A divulgação das atas eleitorais se tornou o principal tema envolvendo as eleições da Venezuela. A oposição afirma ter mais de 70% das atas e que isso garantiria a vitória de Edmundo González Urrutia. Antes mesmo da divulgação dos resultados, a ex-deputada ultraliberal María Corina Machado já havia dito que “González Urrutia teve 70% dos votos e Nicolás Maduro 30%”.
Outros governos têm afirmado que não acreditarem nas denúncias da oposição sem que as atas sejam divulgadas.
“Estou convencido que é um processo normal. O que precisa é que as pessoas que não concordem tenham o direito de se expressar e o governo tenha o direito de provar que está certo”, afirmou Lula.
Para William Serafino, cientista político da Universidade Central da Venezuela, a posição de Lula nessa situação é “equilibrada” e que tende a projetar o Brasil como um mediador dos conflitos regionais. Segundo ele, essa é uma aposta da geopolítica brasileira, mas que não deixa de ser influenciada por fatores internos.
“A posição que ele tem nesse marco está influenciada pelas condições internas da política brasileira. Há pressões de diferentes setores identificados com Maria Corina dentro do país que fazem com que Lula tenha que caminhar com cuidado e medir suas considerações sobre a Venezuela. Mas a fala dele é uma notícia positiva para a institucionalidade do país”, disse ao Brasil de Fato.
Ele ressalta, no entanto, que Lula é obrigado a ponderar seu apoio ao processo eleitoral venezuelano por ter que enfrentar uma oposição interna de extrema direita que está vinculada às ideias de María Corina Machado. Para Serafino, Lula demorou para emitir uma opinião porque o contexto eleitoral de domingo não permitia um posicionamento tão enfático.
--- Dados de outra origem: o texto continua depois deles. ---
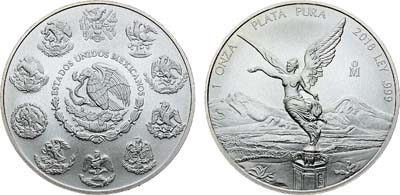 Лот №341,  Мексика. 1 унция 2018 года.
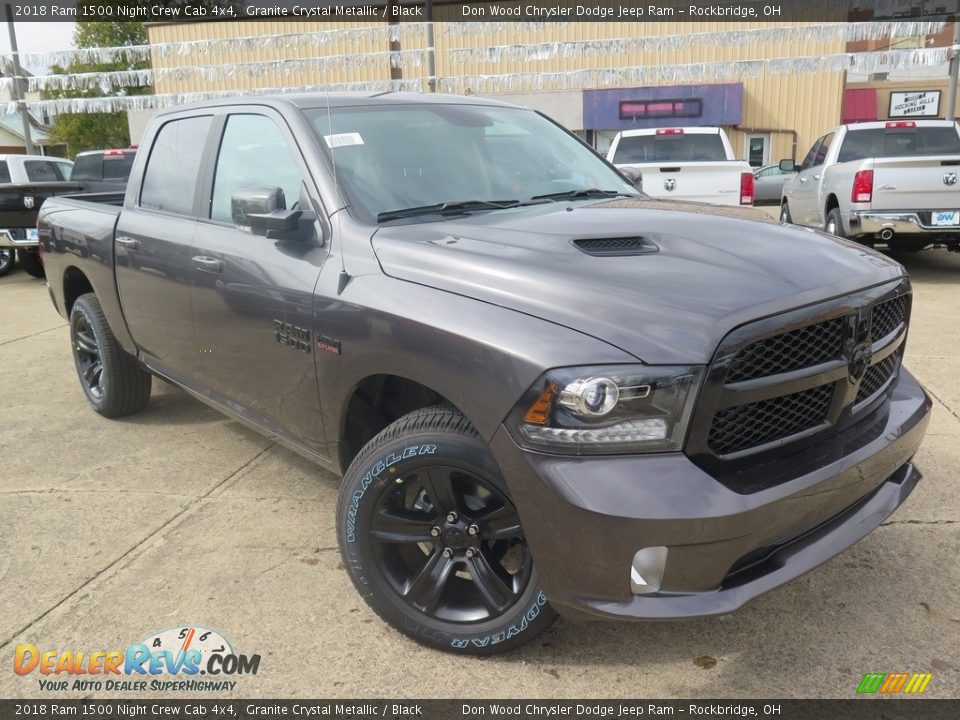 2018 Ram 1500 Night Crew Cab 4x4 Granite Crystal Metallic / Black Photo #1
“Não é um país que se desespera. Tem influência política, marca o tom na região e é um país que espera o marco da situação, ver as diferentes situações que estão em jogo. No domingo não havia condições políticas para emitir nenhum pronunciamento. Na Venezuela, havia uma campanha prévia para desconhecimento dos resultados”, afirmou.
Para ele, Lula dará importante “aval diplomático” para a institucionalidade venezuelana e contribuirá para a “canalização constitucional” desse conflito. “Ele vai permitir que o marco político não vá aos seus extremos, que tenha canais de diálogo, que impere a legalidade venezuelana”, afirmou.
O CNE divulgou que Nicolás Maduro venceu as eleições da Venezuela com 51,2% dos votos contra 44,2% de Edmundo González Urrutia, com 80% das urnas apuradas, o que já colocaria uma situação irreversível. Segundo a lei eleitoral, o CNE tem 30 dias para publicar os resultados eleitorais da Gazeta Oficial do país. O órgão, no entanto, não tem a obrigação de publicar uma foto de cada ata. O governo divulga os resultados compilados das atas.
A oposição não só questionou o resultado do pleito – antes mesmo do anúncio do CNE – como convocou protestos de rua para isso. Os atos, no entanto, começaram com um caráter violento, seguindo a conduta das guarimbas em 2013 e 2017. Desde segunda-feira (29), manifestantes da extrema direita têm apedrejado prédios públicos e incendiado sedes de partidos de esquerda. Na quarta-feira (31) os protestos começaram a perder um pouco de força e diminuíram de tamanho.